Introducing WAXAL: A New Open Dataset for African Speech Technology
For people across much of the world, talking to devices is second nature. We ask for directions, get news updates, or transcribe voice notes without a second thought. But this convenience disappears when technology doesn’t speak your language. This is the reality for hundreds of millions of people, especially in Sub-Saharan Africa, where over 2,000 distinct languages are spoken. The main barrier to creating helpful voice technologies for this region has been a lack of accessible, high-quality speech data.
That's why we’re introducing WAXAL. Taking its name from the Wolof word for "speak," this dataset was developed over three years to empower researchers and drive the development of inclusive technology across Africa. The collection provides data for 21 languages, including Acholi, Hausa, Luganda, and Yoruba, and contains over 11,000 hours of speech data from nearly 2 million individual recordings. This includes approximately 1,250 hours of transcribed speech for automatic speech recognition (ASR) and over 20 hours of studio recordings for text-to-speech (TTS) voice synthesis.
A project built by and for the community
WAXAL is a collaborative achievement, powered by the expertise of leading African organizations who were essential partners in the creation of this dataset. Our partners at Makerere University in Uganda and the University of Ghana led data collection for a combined 13 languages, while Digital Umuganda in Rwanda headed the effort for five major languages. For the high-quality voice recordings, we worked with regional experts at Media Trust and Loud n Clear. We also partnered with the African Institute for Mathematical Sciences (AIMS) on multilingual data for future releases.
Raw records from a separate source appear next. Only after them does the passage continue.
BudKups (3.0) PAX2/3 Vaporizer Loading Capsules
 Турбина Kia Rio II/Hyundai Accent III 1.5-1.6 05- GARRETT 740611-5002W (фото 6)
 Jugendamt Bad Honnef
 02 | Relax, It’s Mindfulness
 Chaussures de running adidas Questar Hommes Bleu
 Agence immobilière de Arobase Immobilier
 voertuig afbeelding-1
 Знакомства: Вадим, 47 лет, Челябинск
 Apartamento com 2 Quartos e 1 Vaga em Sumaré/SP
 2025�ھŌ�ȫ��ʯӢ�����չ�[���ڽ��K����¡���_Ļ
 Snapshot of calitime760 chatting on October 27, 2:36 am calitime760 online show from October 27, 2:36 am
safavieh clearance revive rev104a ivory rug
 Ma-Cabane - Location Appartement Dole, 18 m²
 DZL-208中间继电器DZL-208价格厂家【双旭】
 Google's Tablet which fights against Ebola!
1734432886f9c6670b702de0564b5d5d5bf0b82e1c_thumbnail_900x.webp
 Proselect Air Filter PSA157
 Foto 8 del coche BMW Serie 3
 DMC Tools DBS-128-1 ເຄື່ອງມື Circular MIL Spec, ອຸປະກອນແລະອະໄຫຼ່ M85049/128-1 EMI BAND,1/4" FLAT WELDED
This framework ensures our partners retain ownership of the data they collected, while working with us toward the shared goal of making these resources available to the global research community.
Capturing authentic speech, ethically
We wanted to capture how people really talk, so we asked participants to describe different pictures in their native languages. We also recorded professional voice actors in the studio to create the high-quality audio needed for text-to-speech technology.
We hope WAXAL will not only fuel innovation but also aid in the digital preservation of African languages. The complete WAXAL collection is released under an open license and is available to access today on Hugging Face, and you can read the full paper for a deep dive into our methodology.
Languages included in the dataset are: Acholi, Akan, Dagaare, Dagbani, Dholuo, Ewe, Fante, Fulani (Fula), Hausa, Igbo, Ikposo (Kposo), Kikuyu, Lingala, Luganda, Malagasy, Masaaba, Nyankole, Rukiga, Shona, Soga (Lusoga), Swahili, and Yoruba.